1- İman, kul ile yaratan arasında en değerli bağı teşkil eden rabbani bir iletişimdir. Çünkü insan yeryüzünde yaratılan en değerli varlıktır. Ve insanın en değerli şeyi kalp, kalpdeki en değerli nimet imandır. Kalbe yerleşen iman kulun eylem ve söylemlerine yön veren aksiyonel ilahi bir müdahaledir. Çünkü iman Allah'ın nimetleri arasında kayıtsız şartsız en değerli ve en yüce nimettir. Kalbin hidayet bulması ancak imanı hayatımıza görüntülemekle gerçekleşir. İman insanı şirkten, küfürden ve her türlü batıl inançlardan koruyarak insana hakikat lezzetini tattırır.

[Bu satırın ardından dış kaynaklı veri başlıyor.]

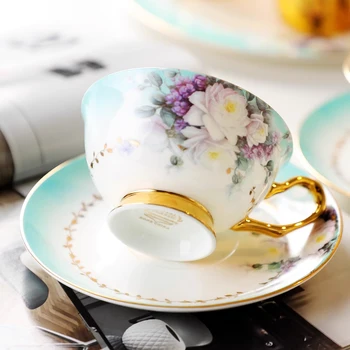 Луксозен Английски набор от кафе чаши от лилаво Костен Порцелан Чаена Чаша с Чинийка Следобед на Чай Молочник Сахарница Сватбен подарък Домашно Пиене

يَٓا اَيُّهَا الَّذ۪ينَ اٰمَنُوا اصْبِرُوا وَصَابِرُوا وَرَابِطُوا وَاتَّقُوا اللّٰهَ لَعَلَّكُمْ تُفْلِحُونَ
Ey iman edenler! Sabredin, sabırda yarışın/birbirinize sabrı tavsiye Ali imran: 200) edin ve nöbet tutun. Allah’tan korkup sakının ki kurtuluşa eresiniz.
2- İmanın tezahürlerden bir diğeri Allah ve resulünün her şeyden önce gelmesi ve şeriatının her şeyden daha sevimli olması, bunu bir yaşam programı olarak hayatında görüntülemesidir. Kişinin Allah için sevmesi ve Allah için düşman olması ancak bununla gerçekleşir.

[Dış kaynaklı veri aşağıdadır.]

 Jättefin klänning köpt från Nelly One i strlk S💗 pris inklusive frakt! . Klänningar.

قُلْ اِنْ كَانَ اٰبَٓاؤُ۬كُمْ وَاَبْنَٓاؤُ۬كُمْ وَاِخْوَانُكُمْ وَاَزْوَاجُكُمْ وَعَش۪يرَتُكُمْ وَاَمْوَالٌۨ اقْتَرَفْتُمُوهَا وَتِجَارَةٌ تَخْشَوْنَ كَسَادَهَا وَمَسَاكِنُ تَرْضَوْنَهَٓا اَحَبَّ اِلَيْكُمْ مِنَ اللّٰهِ وَرَسُولِه۪ وَجِهَادٍ ف۪ي سَب۪يلِه۪ فَتَرَبَّصُوا حَتّٰى يَأْتِيَ اللّٰهُ بِاَمْرِه۪ۜ وَاللّٰهُ لَا يَهْدِي الْقَوْمَ الْفَاسِق۪ينَ۟
De ki: “Şayet babalarınız, çocuklarınız, kardeşleriniz, eşleriniz, aşiretiniz, elinize geçen mallar, zarara uğramasından korktuğunuz ticaret ve hoşunuza giden evler; size Allah’tan, Resûl’ünden ve O’nun yolunda cihaddan daha sevimli olursa, Allah’ın emri gelinceye kadar bekleyin. Allah, fasıklar topluluğunu hidayet etmez.” (Tevbe, 24)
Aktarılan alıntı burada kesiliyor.